___ Data for this task ___

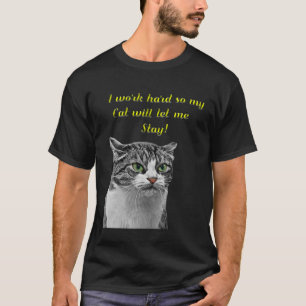 Camiseta ¡Trabajo duro para que mi Gato me deje quedarme!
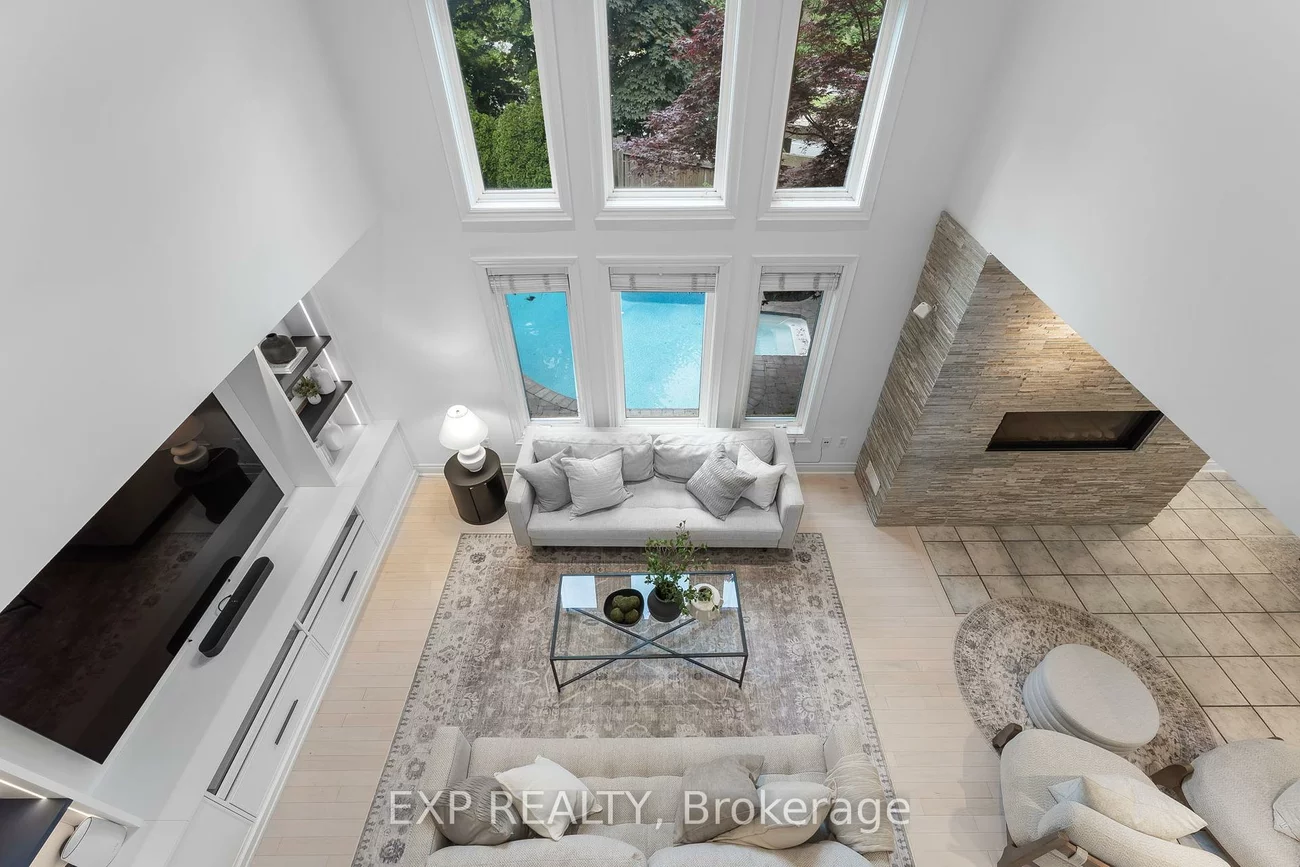 2000, Peak, 1015 - RO River Oaks, Oakville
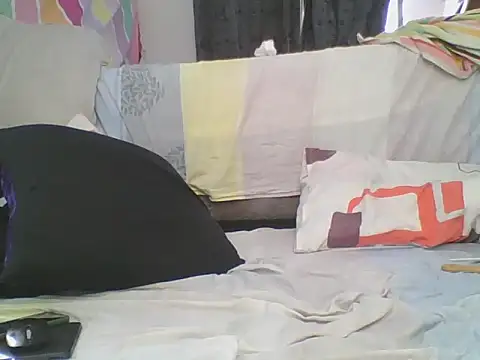 Snapshot of Deliciousgal chatting on January 24, 2025, 12:20 pm Deliciousgal online show from January 24, 2025, 12:20 pm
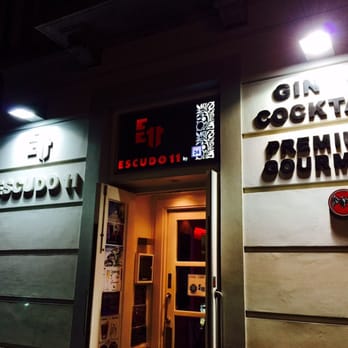 Escudo 11 - Escudo 11 - Cocktail Bars Near Me - Granada, GR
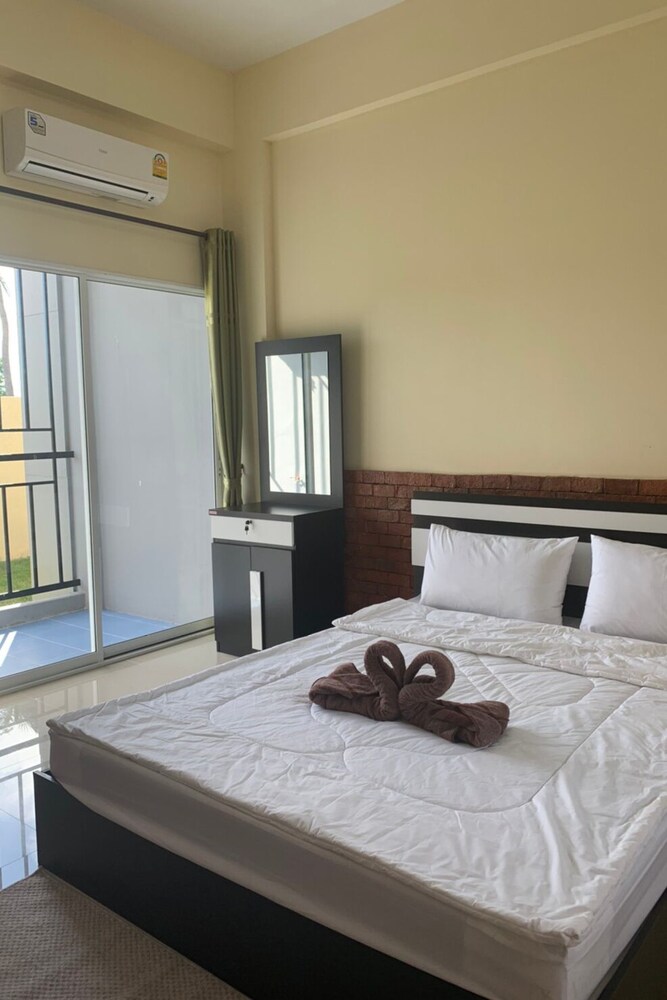 Ek Residence by OYO Rooms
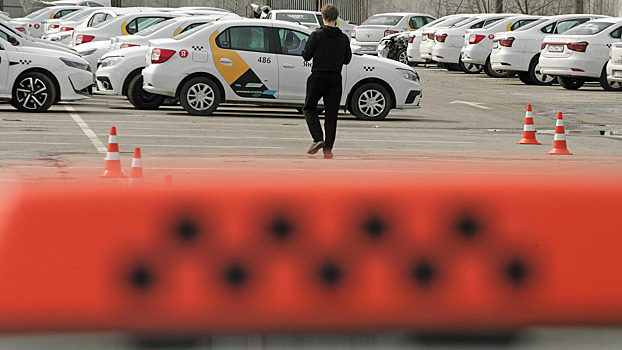 В России предложили отказаться от установки камер в такси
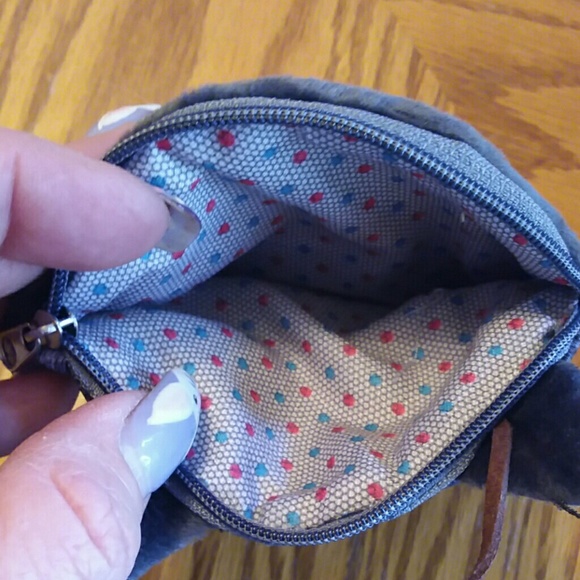 Cat zipper coin purse w/ leather shoulder strap - Picture 6 of 6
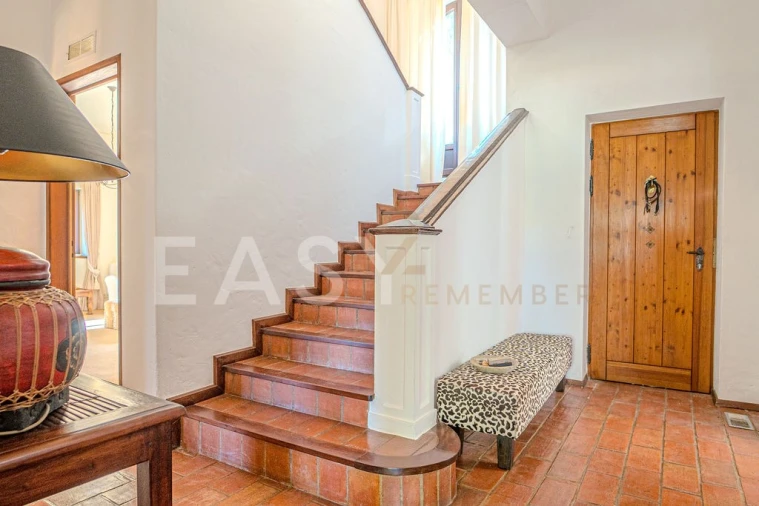 Moradia T7 para Venda em Guia Foto 18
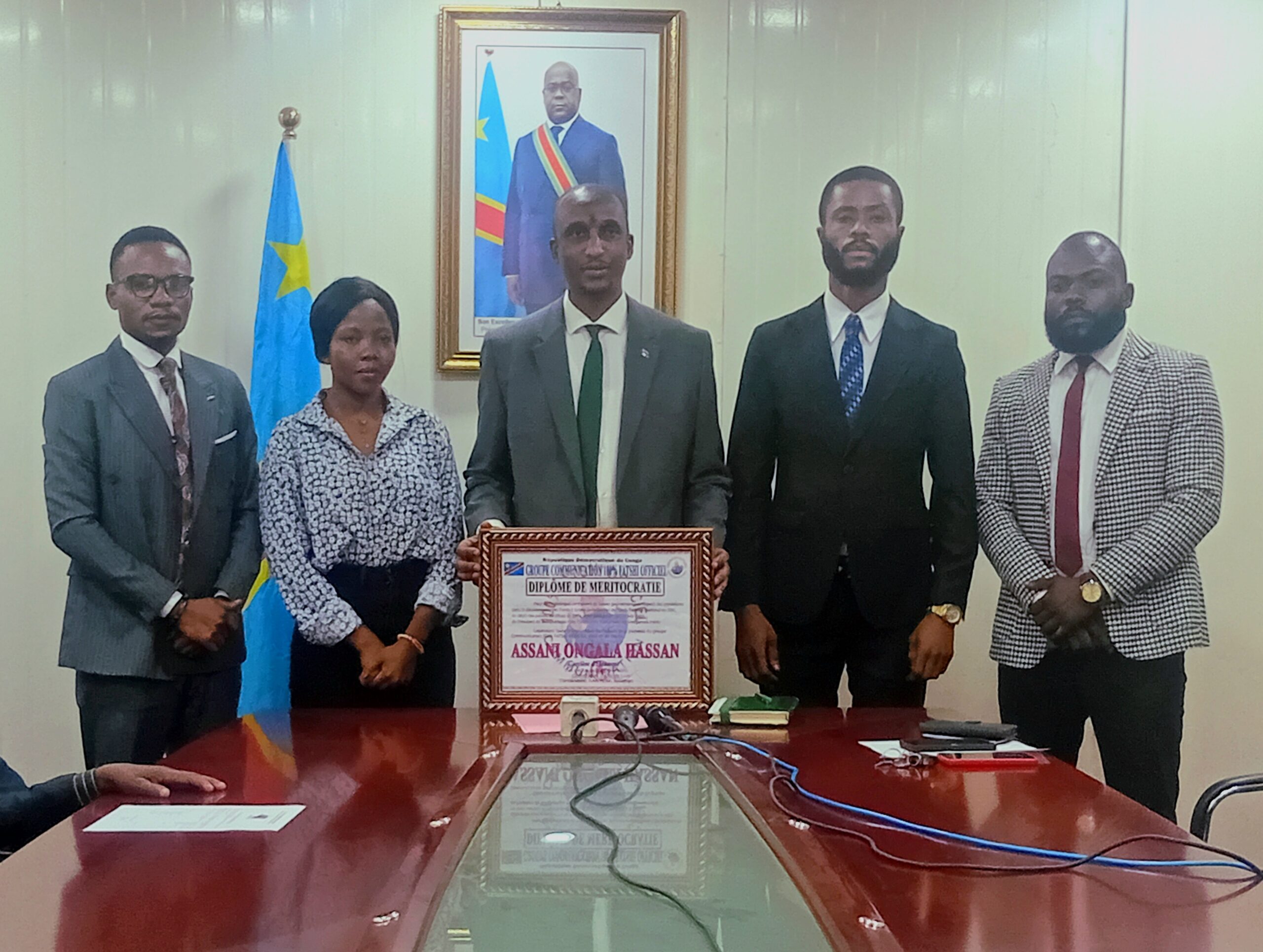 RDC : Assani Ongala Hassan reçoit un diplôme de mérite pour ses réalisations exceptionnelles à la tête du Fonds Forestier National 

___

Directions
Stop at the line containing "Moradia T7 para Venda em Guia Foto 18" and include it. Everything from the first line of the material up to there is to be repeated exactly, leaving out pictures.

Your solution
 Camiseta ¡Trabajo duro para que mi Gato me deje quedarme!
 2000, Peak, 1015 - RO River Oaks, Oakville
 Snapshot of Deliciousgal chatting on January 24, 2025, 12:20 pm Deliciousgal online show from January 24, 2025, 12:20 pm
 Escudo 11 - Escudo 11 - Cocktail Bars Near Me - Granada, GR
 Ek Residence by OYO Rooms
 В России предложили отказаться от установки камер в такси
 Cat zipper coin purse w/ leather shoulder strap - Picture 6 of 6
 Moradia T7 para Venda em Guia Foto 18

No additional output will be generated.